STF já fez isso antes
Para reforçar seu argumento, Fux lembrou que o próprio Supremo já havia tomado decisões semelhantes: “Supremo Tribunal Federal já anulou um processo por inteiro, por incompetência relativa máxima. Quando se trata de incompetência absoluta, [esta é] interrogável pela vontade das partes.”
Ou seja, se o tribunal já anulou um processo inteiro em uma situação menos grave, neste caso — que, segundo ele, é de incompetência absoluta — não poderia agir de forma diferente.
O “tsunami de dados”
Outro momento marcante foi quando o ministro criticou a forma como as provas foram entregues às defesas. Segundo ele, os advogados receberam um “tsunami de dados”, com mais de 70 terabytes de informações, mas sem organização mínima: sem índices, sem nomeação adequada, sem tempo hábil para análise.

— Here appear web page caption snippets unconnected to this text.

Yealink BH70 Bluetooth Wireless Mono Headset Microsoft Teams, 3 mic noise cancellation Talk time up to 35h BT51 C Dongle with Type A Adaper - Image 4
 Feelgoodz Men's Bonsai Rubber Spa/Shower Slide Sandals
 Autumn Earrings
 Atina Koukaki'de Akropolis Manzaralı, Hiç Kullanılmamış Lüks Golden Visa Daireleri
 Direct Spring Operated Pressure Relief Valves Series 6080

“Foi nesse contexto que as defesas alegaram cerceamento de defesa, em razão dessa disponibilidade tardia que apelidei de um ‘tsunami de dados’.”
Fux declarou ainda: “Reconheço a ocorrência de cerceamento e, por consequência, declaro a nulidade do processo desde o recebimento da denúncia.”
A comparação com o Mensalão
O ministro também comparou o processo da trama golpista ao julgamento do Mensalão, um dos mais emblemáticos da história do Supremo. Ele destacou que, naquela ocasião, a instrução do processo levou dois anos para ser concluída, e o julgamento inteiro se estendeu por cinco anos.
No caso atual, disse Fux, a investigação e o julgamento aconteceram em tempo muito mais curto, apesar do volume recorde de provas. Para ele, essa disparidade revela a pressa com que o caso foi conduzido, em contraste com a complexidade que deveria exigir uma análise minuciosa e demorada.
Contra a pressa e a dureza além da lei
O ministro também criticou a velocidade com que o processo foi conduzido. Para ele, julgamentos dessa importância não podem ser feitos no atropelo: “Não é razoável exigir da defesa que, em tão pouco tempo, responda a um volume dessa magnitude.”
E deixou um alerta contra condenações guiadas pelo calor do momento: “Juiz se faz mais severo do que a lei.” A frase foi recebida como um recado de que não cabe ao magistrado endurecer penas ou acelerar processos por pressão externa.
Provas e absolvições
Na parte final, Fux retomou o princípio central do direito penal: a necessidade de certeza. “É preciso condenar quando houver certeza e, o mais importante, ter humildade para absolver quando houver dúvida.”
Com esse entendimento, ele absolveu Jair Bolsonaro e outros seis réus por falta de provas inequívocas. Apenas Mauro Cid e Braga Netto receberam condenações parciais, em pontos específicos ligados à tentativa de abolição violenta do Estado Democrático de Direito.
Um recado para o STF
- O voto de Luiz Fux entrou para a história porque:
- questionou a competência do STF para julgar o caso;
- expôs falhas graves de cerceamento de defesa;
- reforçou a necessidade de provas sólidas para qualquer condenação.
Ao final de quase 14 horas, Fux deixou um recado claro: “Não compete ao STF realizar um juízo político do que é bom ou ruim, conveniente ou inconveniente.”
Um voto longo, detalhado e firme, que não apenas julgou réus, mas também colocou em debate os limites do próprio Supremo Tribunal Federal.